__Data__:
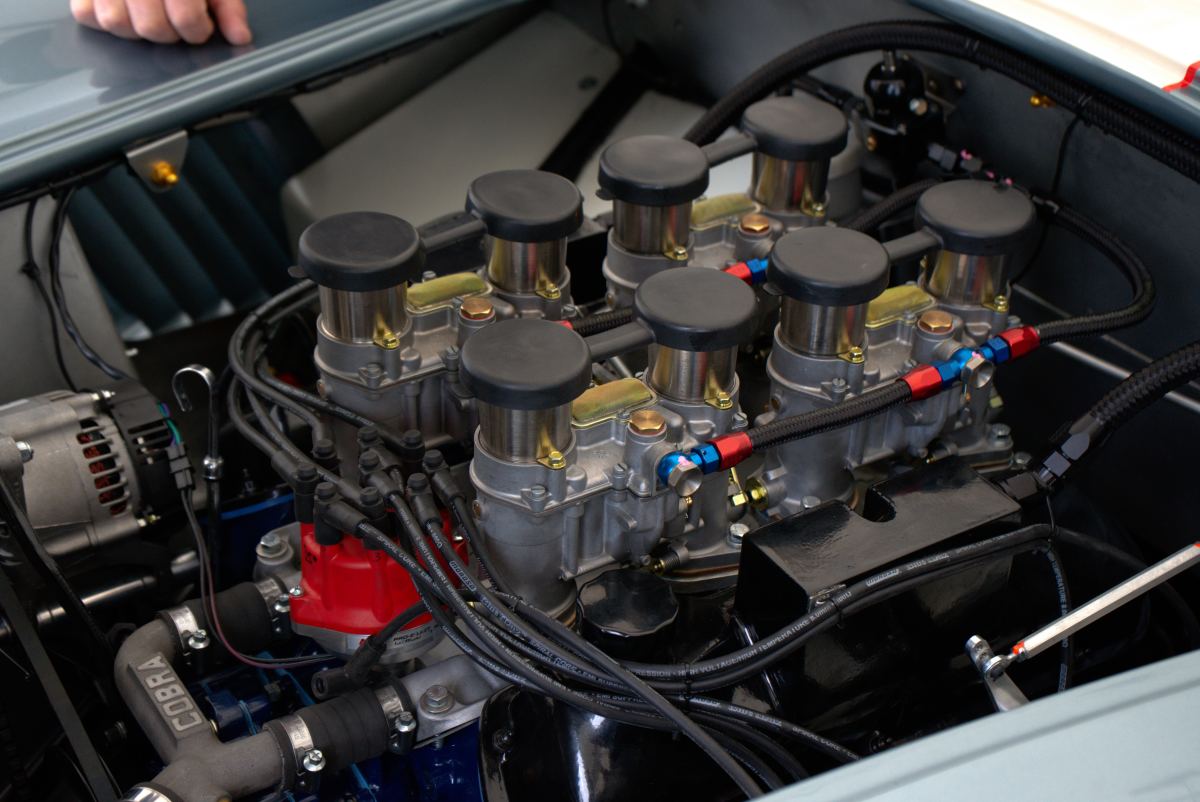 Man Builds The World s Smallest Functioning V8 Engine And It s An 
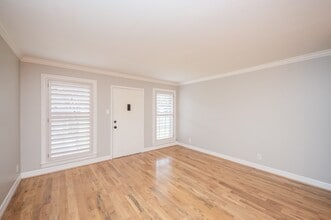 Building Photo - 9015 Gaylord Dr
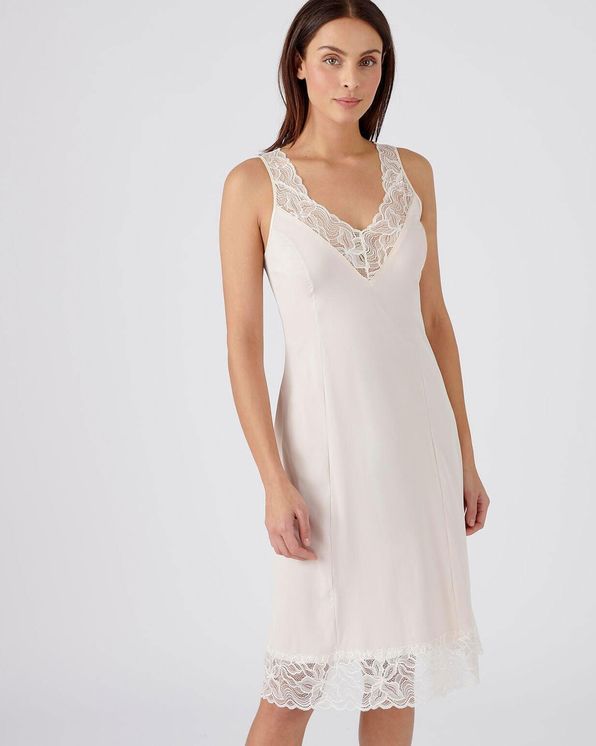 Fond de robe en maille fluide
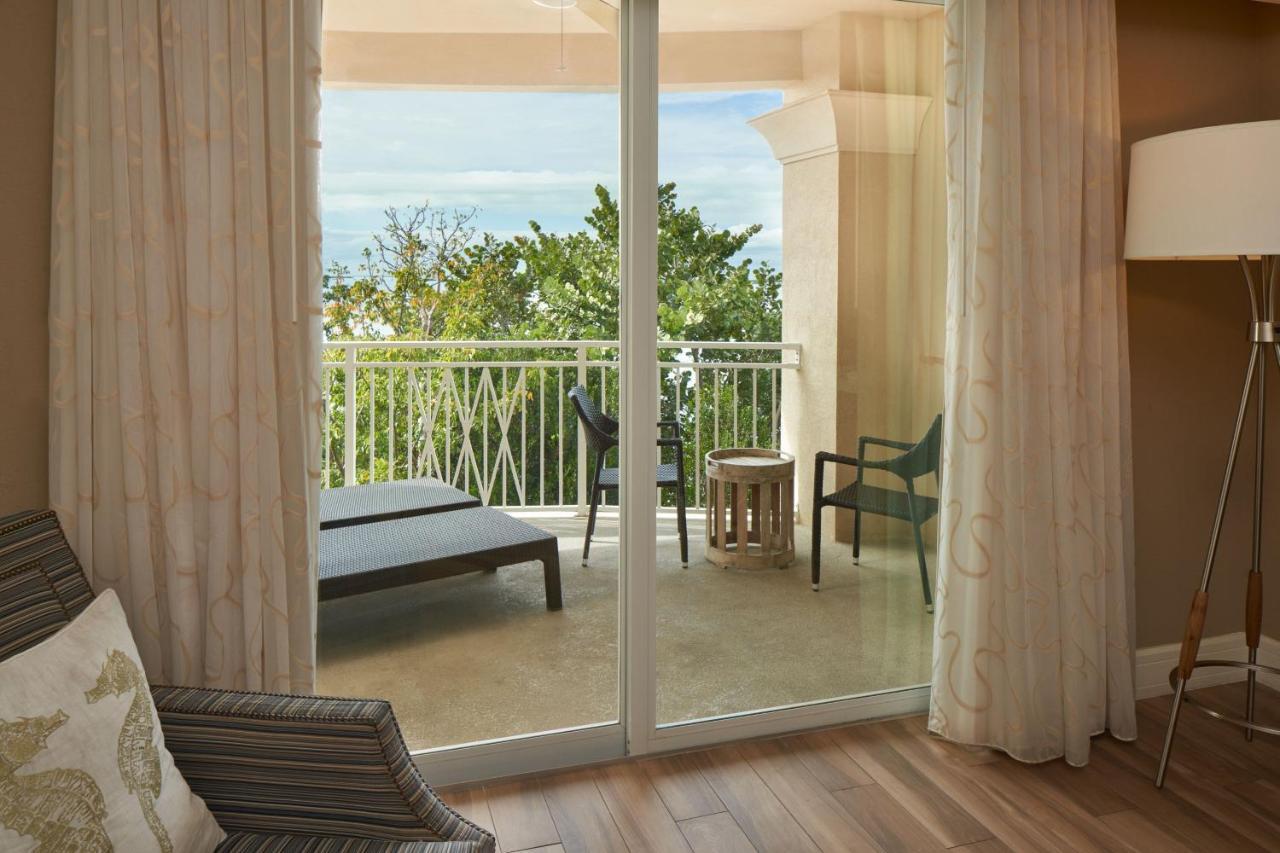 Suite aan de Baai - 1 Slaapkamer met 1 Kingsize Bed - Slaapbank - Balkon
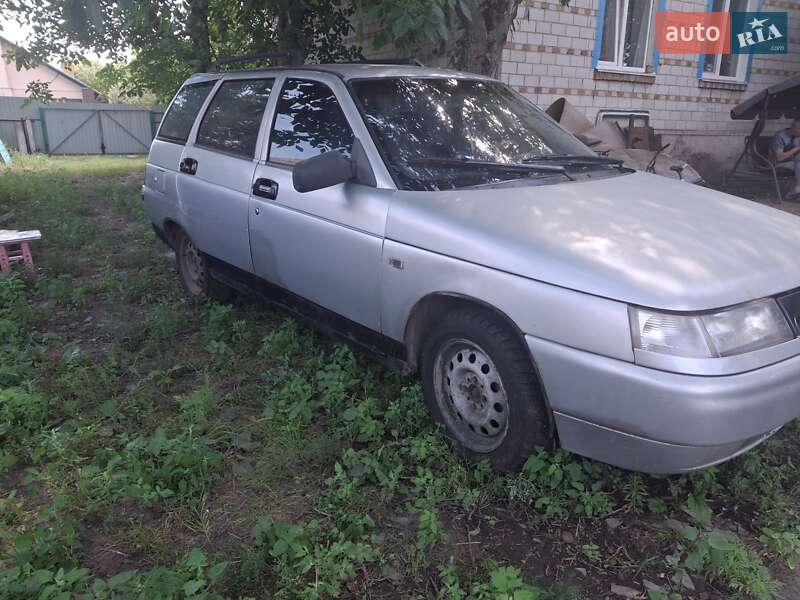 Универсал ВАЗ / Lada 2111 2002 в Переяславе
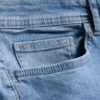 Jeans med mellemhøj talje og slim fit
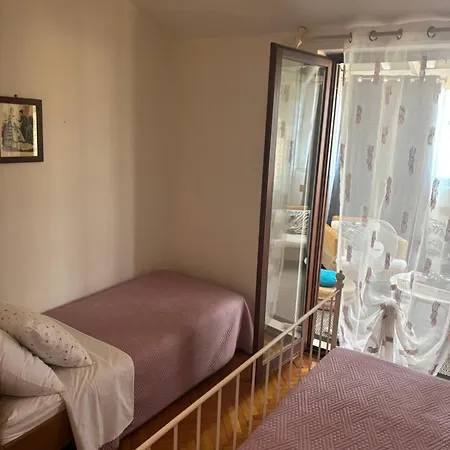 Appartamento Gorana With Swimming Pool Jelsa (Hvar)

__What the task requires__: Repeat the listing word for word, omitting the pictures.

__Written answer__:
 Man Builds The World s Smallest Functioning V8 Engine And It s An 
 Building Photo - 9015 Gaylord Dr
 Fond de robe en maille fluide
 Suite aan de Baai - 1 Slaapkamer met 1 Kingsize Bed - Slaapbank - Balkon
 Универсал ВАЗ / Lada 2111 2002 в Переяславе
 Jeans med mellemhøj talje og slim fit
 Appartamento Gorana With Swimming Pool Jelsa (Hvar)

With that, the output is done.